Data excerpts:
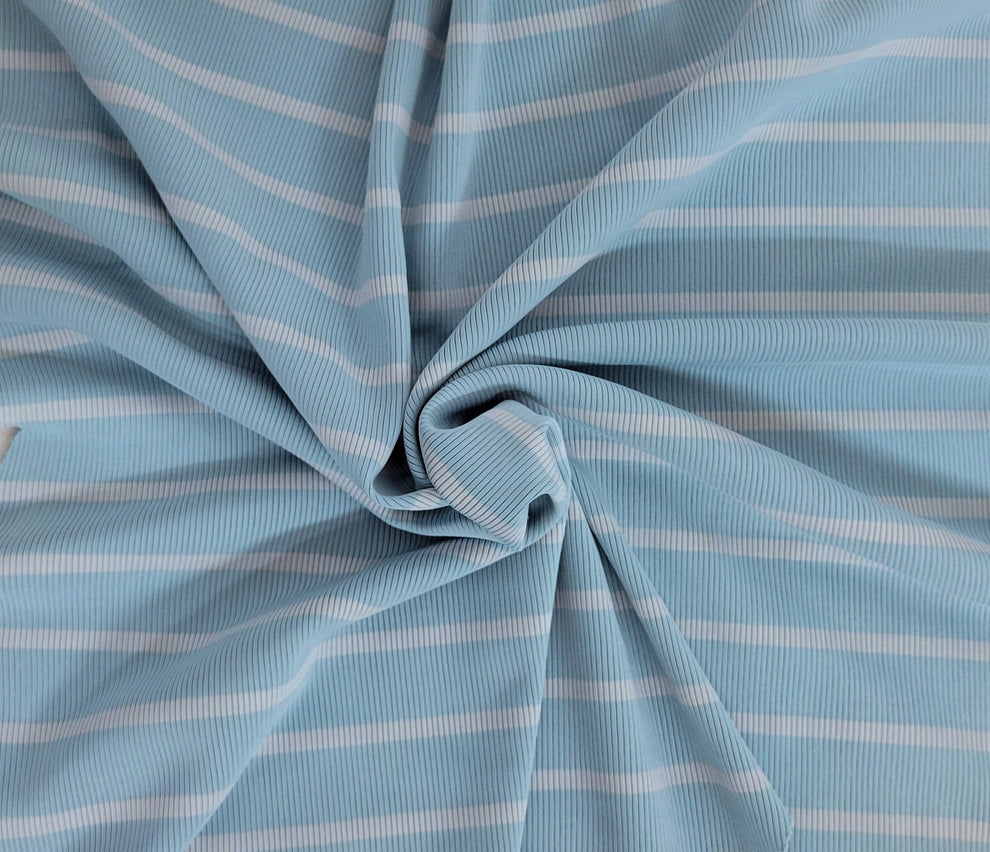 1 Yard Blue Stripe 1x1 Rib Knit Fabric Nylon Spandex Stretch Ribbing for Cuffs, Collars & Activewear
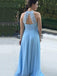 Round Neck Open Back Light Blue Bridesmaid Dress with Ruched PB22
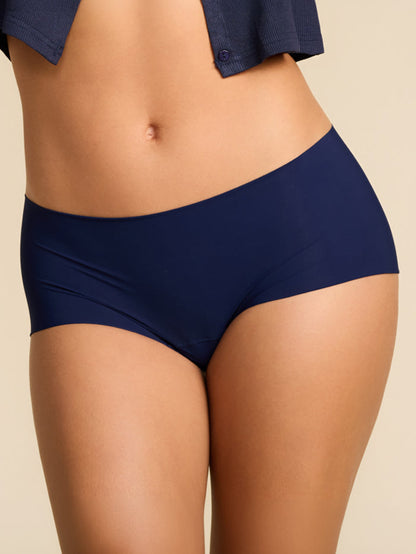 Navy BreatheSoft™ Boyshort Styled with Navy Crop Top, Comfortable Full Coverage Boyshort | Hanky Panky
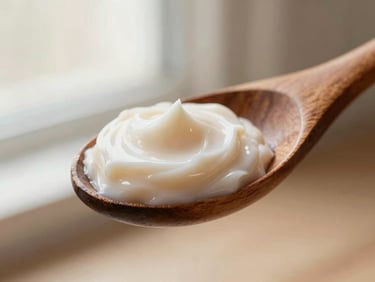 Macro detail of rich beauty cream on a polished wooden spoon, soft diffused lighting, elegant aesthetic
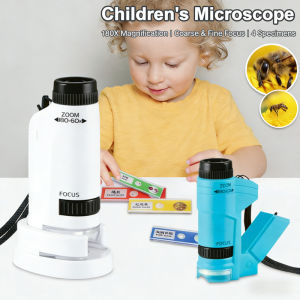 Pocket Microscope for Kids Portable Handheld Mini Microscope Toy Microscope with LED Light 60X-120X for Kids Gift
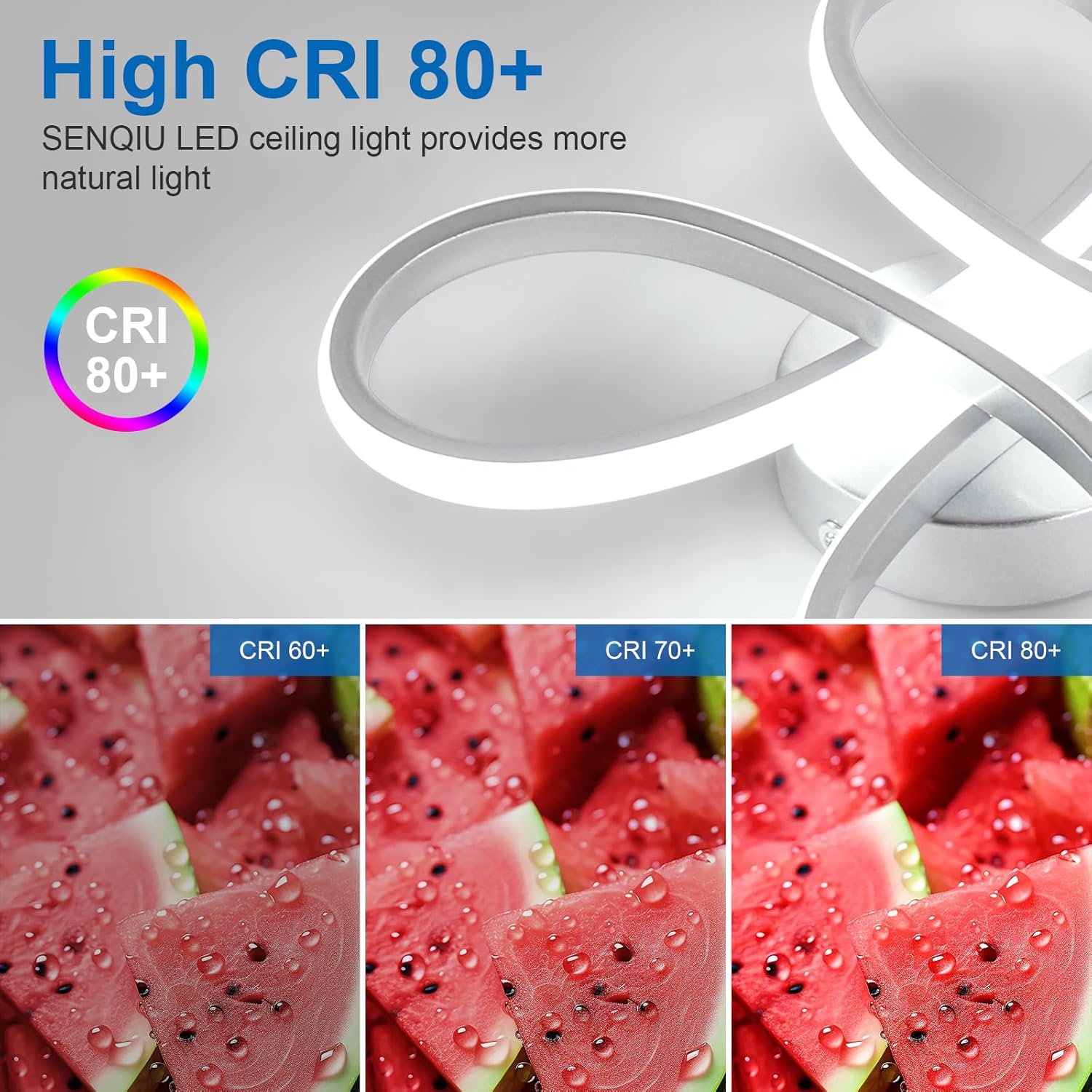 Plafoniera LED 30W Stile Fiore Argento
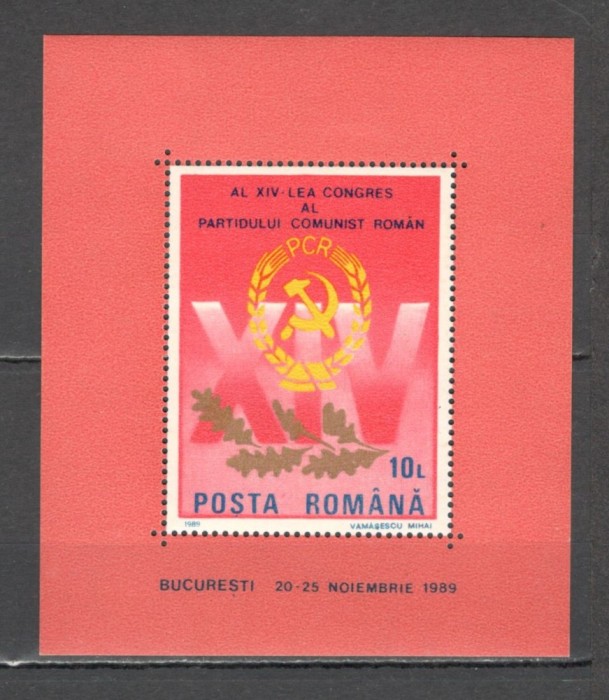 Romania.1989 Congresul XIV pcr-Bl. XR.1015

* **YOUR ASSIGNMENT**: I would like the lines from the one with "Round Neck Open" through the last line of the data above retyped exactly, with pictures left out, please.

* **TASK RESULT**:
 Round Neck Open Back Light Blue Bridesmaid Dress with Ruched PB22
 Navy BreatheSoft™ Boyshort Styled with Navy Crop Top, Comfortable Full Coverage Boyshort | Hanky Panky
 Macro detail of rich beauty cream on a polished wooden spoon, soft diffused lighting, elegant aesthetic
 Pocket Microscope for Kids Portable Handheld Mini Microscope Toy Microscope with LED Light 60X-120X for Kids Gift
 Plafoniera LED 30W Stile Fiore Argento
 Romania.1989 Congresul XIV pcr-Bl. XR.1015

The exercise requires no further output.